Sur le caractère vexatoire du licenciement
Le comportement fautif de M.[H] justifiait qu'il soit licencié malgré son ancienneté et son investissement dans l'entreprise, en sorte qu'il ne peut reprocher à la société de lui avoir imputé, à tort, des fautes 'grossières'; les circonstances de son départ de l'entreprise ne permettent pas non plus, au vu des pièces produites, de caractériser un licenciement vexatoire; le jugement sera confirmé en ce qu'il l'a débouté de sa demande de dommages et intérêts de ce chef.
Sur les droits ouverts sur l'intéressement 2017
Les écritures de M.[H] ne comportant aucune motivation sur ce chef de demande, et aucune pièce susceptible de l'étayer n'étant versée aux débats, le jugement sera encore confirmé en ce qu'il l'en a débouté.

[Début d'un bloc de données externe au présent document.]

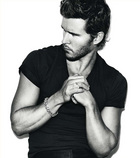 Ryan Kwanten : ryan-kwanten-1339980222.jpg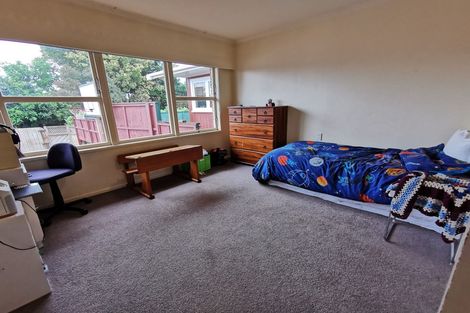 Photo of property in 11 Saint Pauls Road, Chartwell, Hamilton, 3210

Sur le remboursement des frais professionnels
Il n'est pas contesté que les deux dernières notes de frais (du 11 juin au 11 juillet 2017 et du 11 juillet 2017) pour un montant total de 2.666,48 Euros, au demeurant accompagnées des pièces justificatives, n'ont pas été réglées et qu'elles étaient dues par la société, à l'exception des doublons qui sont inclus dans le remboursement que M.[H] a été condamné à payer par le Conseil de Prud'hommes, dont le jugement sera confirmé sur ce point. Il sera fait droit en conséquence à la somme réclamée par M.[H] au titre de se notes de frais.
Sur la garantie de l'AGS
En vertu de dispositions de l'article L. 3253-8, 1 'AGS couvre les sommes dues aux salariés à la date du jugement d'ouverture de toute procédure de redressement ou de liquidation judiciaire ainsi que les contributions dues par l'employeur. Les frais professionnels sont donc garantis en raison de leur rattachement au contrat de travail.
PAR CES MOTIFS
La Cour, statuant publiquement et contradictoirement,
Confirme le jugement en ce qu'il a débouté Monsieur [H] de ses demandes de dommages et intérêts pour licenciement sans cause réelle et sérieuse, licenciement vexatoire, irrégularité de la procédure, prime d'intéressement pour l'année 2017 et sur sa condamnation à rembourser une somme de 1.350,29 Euros au titre des notes de frais indus;
L'infirme pour le surplus et statuant à nouveau ;
Fixe au passif de la liquidation judiciaire de la société SERARE les sommes suivantes :
- 23.648,95 Euros au titre de l'indemnité de licenciement,
- 35.473,12Euros au titre de l'indemnité compensatrice de préavis ;
- 3.547,31 Euros au titre des congés payés afférents ;
- 1.376,45 Euros à titre de rappel de salaire pendant la mise à pied conservatoire;
- 137,64 Euros au titre des congés payés afférents ;
- 2.666,48 Euros à titre de rappel de frais professionnels
Dit que l'AGS doit sa garantie dans les conditions et limites de l'article L.3253-6 du Code du travail et des plafonds fixés par les articles L. 3253-17 et D. 3253-5 du Code du travail;
Dit que les sociétés BTSG et MJC2A, pris en leur qualité de mandataires liquidateurs de la société SERARE, devront remettre à Monsieur [H] des bulletins de paie, un certificat de travail et un solde de tout compte conformes à la décision, sans qu'il soit nécessaire d'ordonner une astreinte ;
Fixe au passif de la liquidation judiciaire de la société SERARE la somme de 1.500 Euros en application des dispositions de l'article 700 du Code de Procédure Civile ;
Rappelle que l'ouverture de la procédure collective a arrêté le cours des intérêts légaux ;
Déboute les parties de toutes leurs autres demandes ;
Met les dépens à la charge de la liquidation judiciaire de la société SERARE.